| Message ID | 20181122133800.1251-1-ddiss@suse.de (mailing list archive) |
|---|---|
| State | New, archived |
| Headers | show |
| Series | [RFC] target: sanitize ALUA and PR state file paths before use | expand |
Ping - any feedback on this change? On Thu, 22 Nov 2018 14:38:00 +0100, David Disseldorp wrote: > Block ALUA and PR state storage if any of the dynamic subdirectory > components include a path separator. > > Fixes: c66ac9db8d4a ("[SCSI] target: Add LIO target core v4.0.0-rc6") > Signed-off-by: David Disseldorp <ddiss@suse.de> > Signed-off-by: Lee Duncan <lduncan@suse.com> > --- > Note: > Submitted as an RFC, as I've not properly tested the alua code path. > I'm also not sure whether it's reasonable to break existing setups > with a '/' in the configured unit_serial. Where "break" means fail > APTPL PR requests; ALUA state-save failures are ignored internally. I'd also be happy with any pointers on properly testing ALUA. Cheers, David
On Mon, 2018-12-10 at 14:36 +0100, David Disseldorp wrote: > Ping - any feedback on this change? > > On Thu, 22 Nov 2018 14:38:00 +0100, David Disseldorp wrote: > > > Block ALUA and PR state storage if any of the dynamic subdirectory > > components include a path separator. > > > > Fixes: c66ac9db8d4a ("[SCSI] target: Add LIO target core v4.0.0-rc6") > > Signed-off-by: David Disseldorp <ddiss@suse.de> > > Signed-off-by: Lee Duncan <lduncan@suse.com> > > --- > > Note: > > Submitted as an RFC, as I've not properly tested the alua code path. > > I'm also not sure whether it's reasonable to break existing setups > > with a '/' in the configured unit_serial. Where "break" means fail > > APTPL PR requests; ALUA state-save failures are ignored internally. > > I'd also be happy with any pointers on properly testing ALUA. Embedding SCSI properties like the unit serial number in a file system path seems wrong to me.

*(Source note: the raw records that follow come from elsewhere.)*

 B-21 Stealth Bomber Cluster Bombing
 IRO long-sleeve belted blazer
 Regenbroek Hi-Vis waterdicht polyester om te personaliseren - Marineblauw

I think the path in which these properties are stored should be derived from configfs item names configured by the user. These names are guaranteed to be ASCII strings. If you want to see an example of alternative approach you are welcome to have a look at scst_pr_set_file_name() and scst_pr_sync_device_file() in the SCST source code. Regarding testing ALUA code: I use sg_rtpg and sg_stpg to test SCSI target ALUA code. Bart.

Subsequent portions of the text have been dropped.